Stored data entries

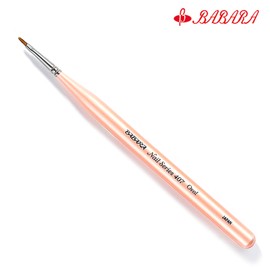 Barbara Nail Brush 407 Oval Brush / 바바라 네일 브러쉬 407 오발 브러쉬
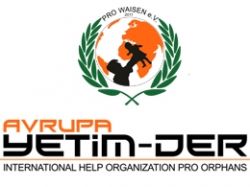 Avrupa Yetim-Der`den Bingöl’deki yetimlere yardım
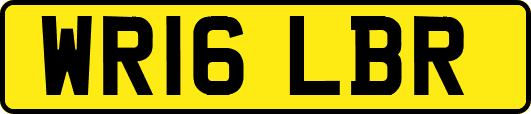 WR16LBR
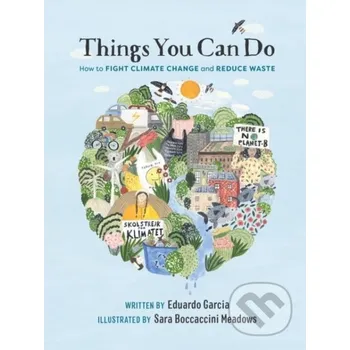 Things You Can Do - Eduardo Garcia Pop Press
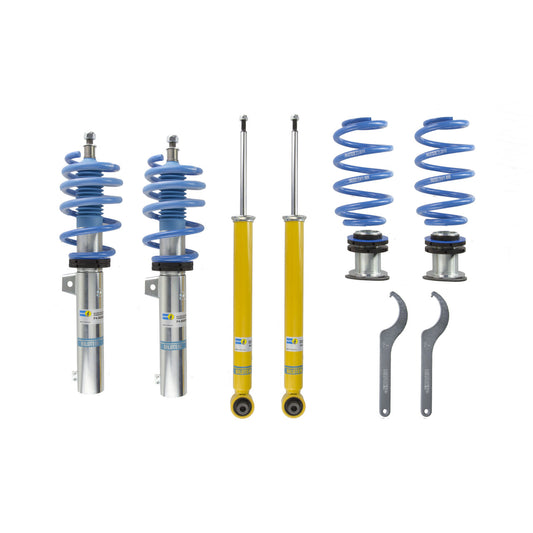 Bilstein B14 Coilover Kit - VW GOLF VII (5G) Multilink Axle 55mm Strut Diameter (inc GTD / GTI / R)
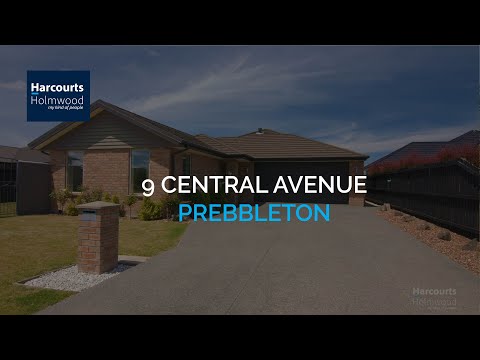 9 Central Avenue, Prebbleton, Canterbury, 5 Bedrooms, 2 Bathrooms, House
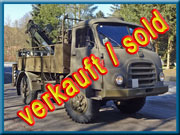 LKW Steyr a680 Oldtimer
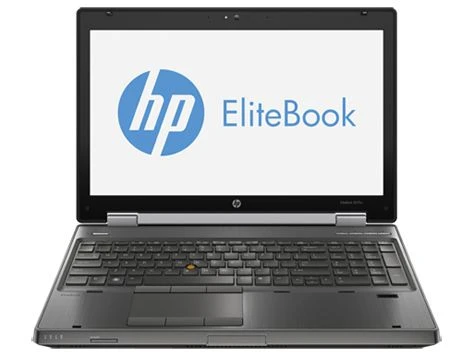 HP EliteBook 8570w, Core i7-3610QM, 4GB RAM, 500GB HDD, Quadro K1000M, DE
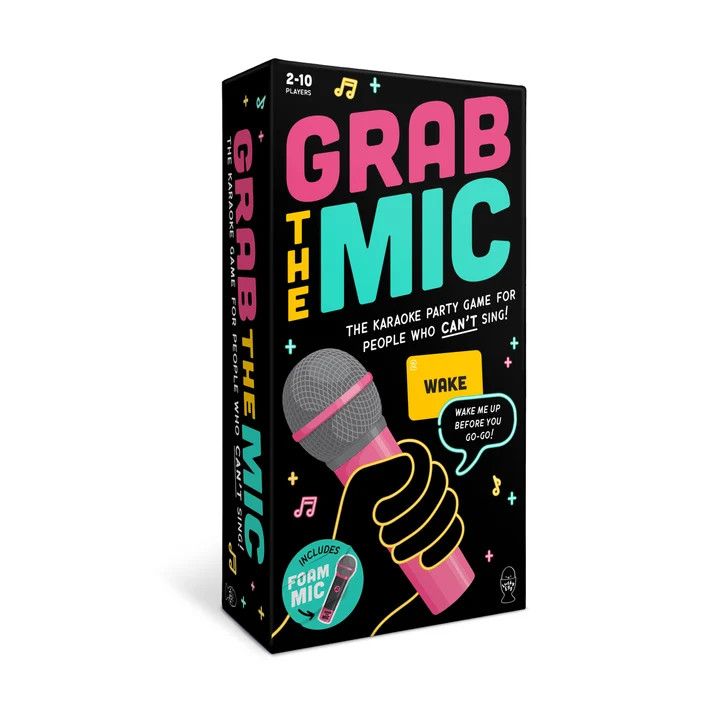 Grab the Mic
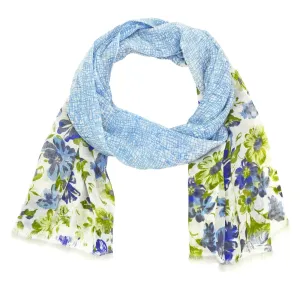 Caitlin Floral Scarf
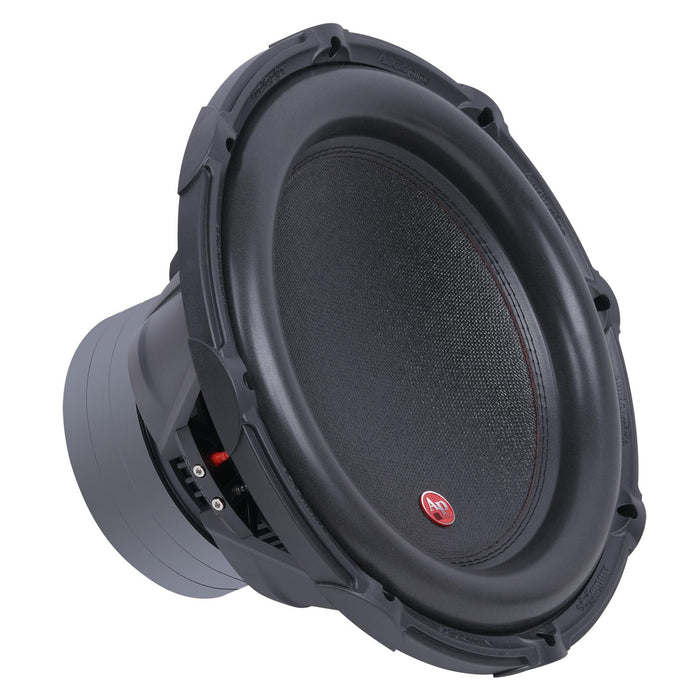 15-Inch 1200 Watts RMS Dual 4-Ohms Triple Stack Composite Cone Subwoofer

### About this exercise
What you return must match the data above exactly, with no images included.

### Exercise answer
 Barbara Nail Brush 407 Oval Brush / 바바라 네일 브러쉬 407 오발 브러쉬
 Avrupa Yetim-Der`den Bingöl’deki yetimlere yardım
 WR16LBR
 Things You Can Do - Eduardo Garcia Pop Press
 Bilstein B14 Coilover Kit - VW GOLF VII (5G) Multilink Axle 55mm Strut Diameter (inc GTD / GTI / R)
 9 Central Avenue, Prebbleton, Canterbury, 5 Bedrooms, 2 Bathrooms, House
 LKW Steyr a680 Oldtimer
 HP EliteBook 8570w, Core i7-3610QM, 4GB RAM, 500GB HDD, Quadro K1000M, DE
 Grab the Mic
 Caitlin Floral Scarf
 15-Inch 1200 Watts RMS Dual 4-Ohms Triple Stack Composite Cone Subwoofer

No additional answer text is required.